There is considerable confusion about what "parent revision" and "base revision" means in EditPage, WikiPage, and PageUpdater.

Status Quo

EditPage:

  • editRevId and getBaseRevision() return the latest current revision as known to the client. This can be used to detect edit conflicts.
  • oldId is the revision the edit was based on. When editing based on an old revision, it's the old revision's ID.
  • parentRevId and getParentRevId() - The documentation says The "parent" revision is the ancestor that should be recorded in this page's revision history. It is either the revision ID of the in-memory article content, or in the case of a 3-way merge in order to rebase across a recoverable edit conflict, the ID of the newer revision to which we have rebased this page. However, this value does not to be recorded or in fact be used for anything at all. The semantics as described matches the rev_parent_id, but there is no need for EditPage to track this or set it explicitly. WikiPage (resp PageUpdater) just do this automatically.
  • A CAS check is performed based on rev_id, ensuring the that current revision did not change after it was compared against editRevId to detect an edit conflict.
  • see also T58849: Edit conflict detection by timestamp should be deprecated for how editRevId and parentRevId where introduced.

WikiPage:

  • $baseRevId of doEditContent: The revision ID this edit reverts to, if any. Not stored, but passed to some hooks. Doesn't seems to be used for anything by core, but some extensions, like TimedMediaHandler, use it to detect reverts.
  • rev_parent_id field: The ID of the revision that was current immediately before an edit. Used to display size differences in the page history (compare T193690)

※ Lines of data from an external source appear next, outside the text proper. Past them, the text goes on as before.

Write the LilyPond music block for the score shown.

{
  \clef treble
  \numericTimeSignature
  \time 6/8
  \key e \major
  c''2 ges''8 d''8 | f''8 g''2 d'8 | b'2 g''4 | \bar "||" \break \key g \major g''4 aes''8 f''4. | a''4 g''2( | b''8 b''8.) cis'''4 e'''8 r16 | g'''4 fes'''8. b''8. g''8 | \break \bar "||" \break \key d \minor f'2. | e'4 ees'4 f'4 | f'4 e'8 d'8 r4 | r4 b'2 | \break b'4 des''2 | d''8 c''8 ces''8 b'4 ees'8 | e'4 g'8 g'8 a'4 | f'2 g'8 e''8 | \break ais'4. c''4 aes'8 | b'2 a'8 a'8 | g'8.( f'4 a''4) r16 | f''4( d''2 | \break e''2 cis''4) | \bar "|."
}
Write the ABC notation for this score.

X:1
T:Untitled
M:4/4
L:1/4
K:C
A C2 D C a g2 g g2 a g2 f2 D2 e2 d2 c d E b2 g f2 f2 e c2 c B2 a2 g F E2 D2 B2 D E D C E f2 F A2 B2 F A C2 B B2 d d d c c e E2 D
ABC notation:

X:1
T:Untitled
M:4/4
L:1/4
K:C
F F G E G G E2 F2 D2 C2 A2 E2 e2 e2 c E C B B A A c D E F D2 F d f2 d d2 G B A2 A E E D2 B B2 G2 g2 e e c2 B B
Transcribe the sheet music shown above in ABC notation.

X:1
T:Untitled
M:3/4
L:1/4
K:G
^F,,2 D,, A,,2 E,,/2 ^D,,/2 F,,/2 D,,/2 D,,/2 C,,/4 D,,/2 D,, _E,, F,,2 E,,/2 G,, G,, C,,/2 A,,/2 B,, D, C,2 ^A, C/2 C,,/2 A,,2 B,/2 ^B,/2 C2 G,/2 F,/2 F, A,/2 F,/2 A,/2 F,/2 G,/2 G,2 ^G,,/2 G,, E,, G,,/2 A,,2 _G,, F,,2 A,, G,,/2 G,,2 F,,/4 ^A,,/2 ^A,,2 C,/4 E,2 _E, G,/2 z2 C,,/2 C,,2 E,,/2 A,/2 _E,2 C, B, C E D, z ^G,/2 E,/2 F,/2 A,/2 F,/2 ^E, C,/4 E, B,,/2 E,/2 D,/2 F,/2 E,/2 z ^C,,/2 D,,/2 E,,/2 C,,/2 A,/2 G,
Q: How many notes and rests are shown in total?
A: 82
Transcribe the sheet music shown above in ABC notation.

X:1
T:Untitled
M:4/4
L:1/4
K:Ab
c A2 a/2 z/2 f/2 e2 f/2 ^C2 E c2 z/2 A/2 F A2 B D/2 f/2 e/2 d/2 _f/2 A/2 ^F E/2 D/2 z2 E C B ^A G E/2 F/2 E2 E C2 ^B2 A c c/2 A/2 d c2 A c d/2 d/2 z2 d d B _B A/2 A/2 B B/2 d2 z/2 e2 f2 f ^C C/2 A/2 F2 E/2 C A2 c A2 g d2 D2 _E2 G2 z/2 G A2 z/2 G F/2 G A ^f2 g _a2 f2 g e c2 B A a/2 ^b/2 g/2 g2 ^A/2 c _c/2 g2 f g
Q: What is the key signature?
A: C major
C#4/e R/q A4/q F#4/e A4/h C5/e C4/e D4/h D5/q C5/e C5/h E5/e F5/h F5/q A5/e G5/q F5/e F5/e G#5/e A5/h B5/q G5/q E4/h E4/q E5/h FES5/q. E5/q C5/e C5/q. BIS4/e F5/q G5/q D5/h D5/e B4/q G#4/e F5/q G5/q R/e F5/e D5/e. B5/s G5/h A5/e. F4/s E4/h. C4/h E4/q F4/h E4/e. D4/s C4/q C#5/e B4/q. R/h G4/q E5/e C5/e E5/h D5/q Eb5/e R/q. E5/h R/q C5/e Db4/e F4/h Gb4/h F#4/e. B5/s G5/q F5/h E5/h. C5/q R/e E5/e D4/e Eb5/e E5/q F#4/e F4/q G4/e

NewRevisionFromEditComplete hook:

  • $baseID: this hook parameter contains the value of $baseRevId from WikiPage::doEditContent. It's also set to the previous revision ID by MovePage. So the itnended semantics is "ID of an earlier revision that is restored or repeated by the edit".

PageUpdater:

  • parent revision: the revision that is current before the edit is performed. Used for CAS checks.
  • baseRevisionId: the latest current revision as known to the client. This can be used to detect edit conflicts. However, it is currently called set by doEditContent() with WikiPage's semantics in mind, causing confusion. Should probably be renamed to revertsToRevisionId.

Proposed Solution

  • Improve documentation (and field names?) in EditPage to avoid confusion with the concepts as used in WikiPage.
  • Improve documentation and parameter name in WikiPage::doEditContent to specify semantics to by "ID of an earlier revision that is restored or repeated by the edit"".
  • Change PageUpdater::hasEditConflict() to not be based on the revision provided by setBaseRevision, but take a parameter and check against that instead.
  • Change name of PageUpdater::setBaseRevisionId() to setOriginalRevisionId().
  • Remove parentRevId logic from EditPage. getParentRevId() could just always return the current revision, if needed for B/C. But it does not seem like anything calls this.

Event Timeline

daniel created this task.Jun 19 2018, 1:35 PM
daniel triaged this task as High priority.
Restricted Application added a subscriber: Aklapper. · View Herald TranscriptJun 19 2018, 1:35 PM

Change 441045 had a related patch set uploaded (by Daniel Kinzler; owner: Daniel Kinzler):
[mediawiki/core@master] Change PageUpdater::hasEditConflict to take a parameter.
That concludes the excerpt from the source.